Activity
The finished copy should match every record exactly and contain no pictures.

━━━━━ Provided records

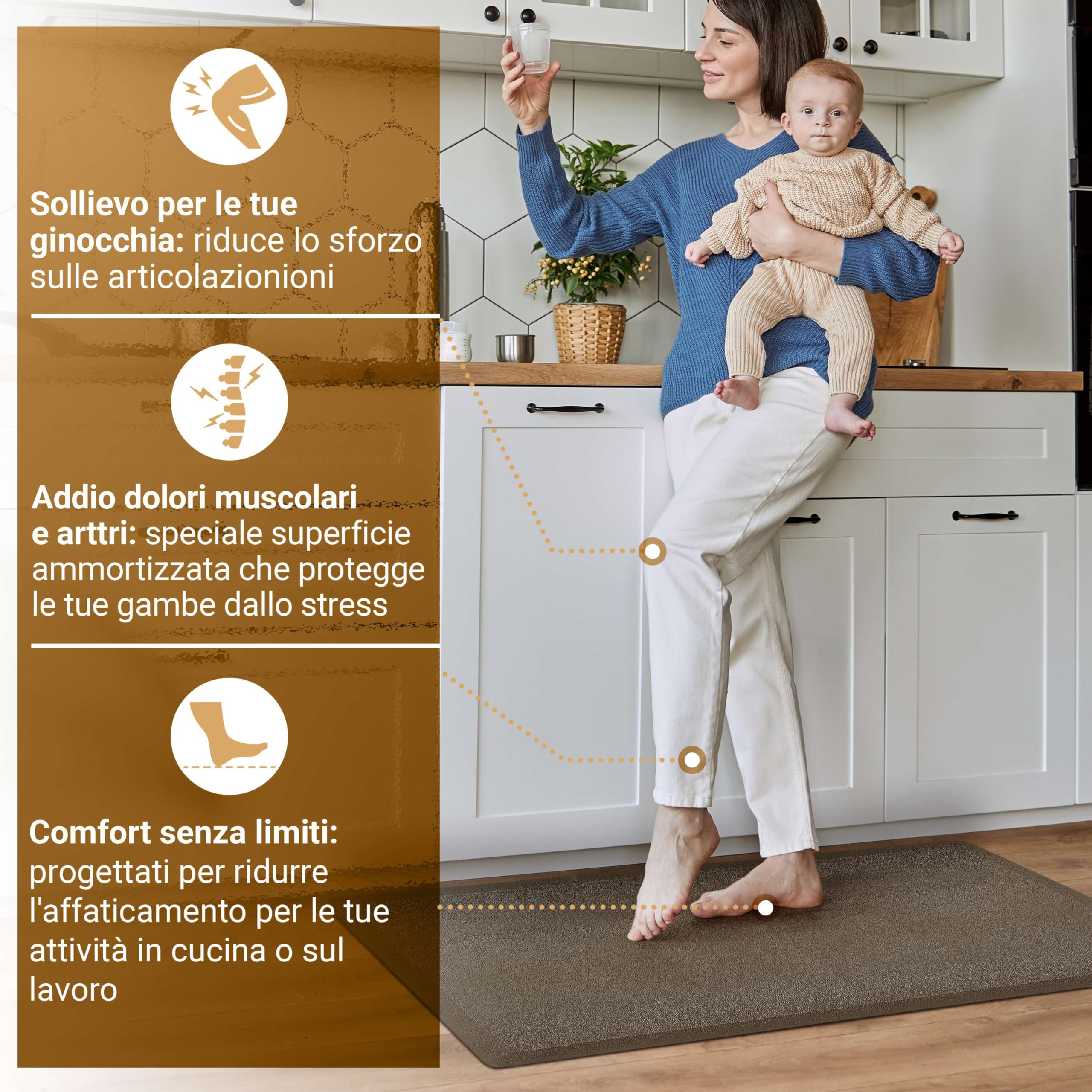 HomeLife il Tappeto Cucina Antiscivolo Lavabile in Gomma PVC: Tappeto per Cucina Antifatica, ideale come passatoia cucina antiscivolo lavabile | Tappeto Morbido e comodo - 44X75, Marrone
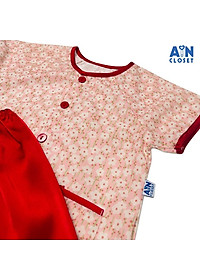 Bộ bà ba dài áo tay ngắn bé gái họa tiết Cúc trắng quần lụa đỏ - AICDBGJOAXLL - AIN Closet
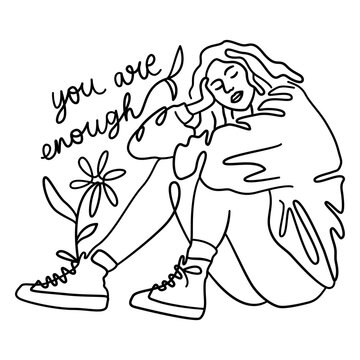 You are enough continuous line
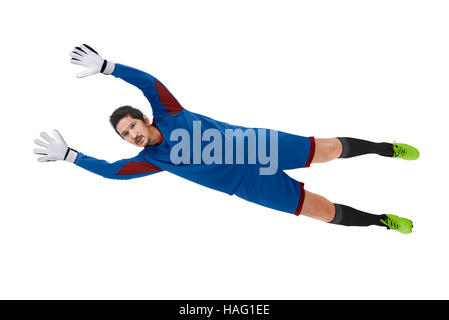 Image of goalkeeper catch ball isolated over white background Stock Photo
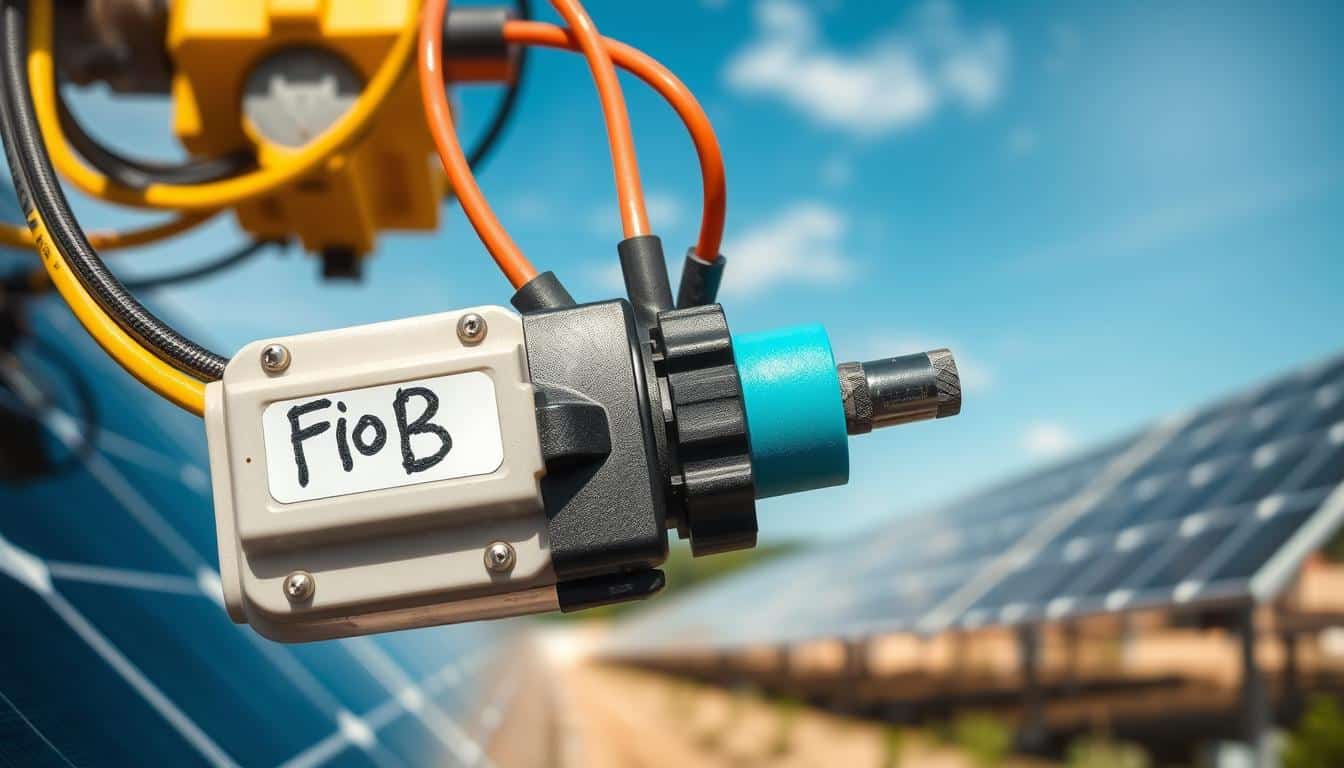 Close de um dispositivo industrial ou eletrônico com fiação identificada como “FioB”, tendo como pano de fundo painéis solares sob um céu claro. O que é fio b na Energia Solar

━━━━━━━━━━

Output for this task
 HomeLife il Tappeto Cucina Antiscivolo Lavabile in Gomma PVC: Tappeto per Cucina Antifatica, ideale come passatoia cucina antiscivolo lavabile | Tappeto Morbido e comodo - 44X75, Marrone
 Bộ bà ba dài áo tay ngắn bé gái họa tiết Cúc trắng quần lụa đỏ - AICDBGJOAXLL - AIN Closet
 You are enough continuous line
 Image of goalkeeper catch ball isolated over white background Stock Photo
 Close de um dispositivo industrial ou eletrônico com fiação identificada como “FioB”, tendo como pano de fundo painéis solares sob um céu claro. O que é fio b na Energia Solar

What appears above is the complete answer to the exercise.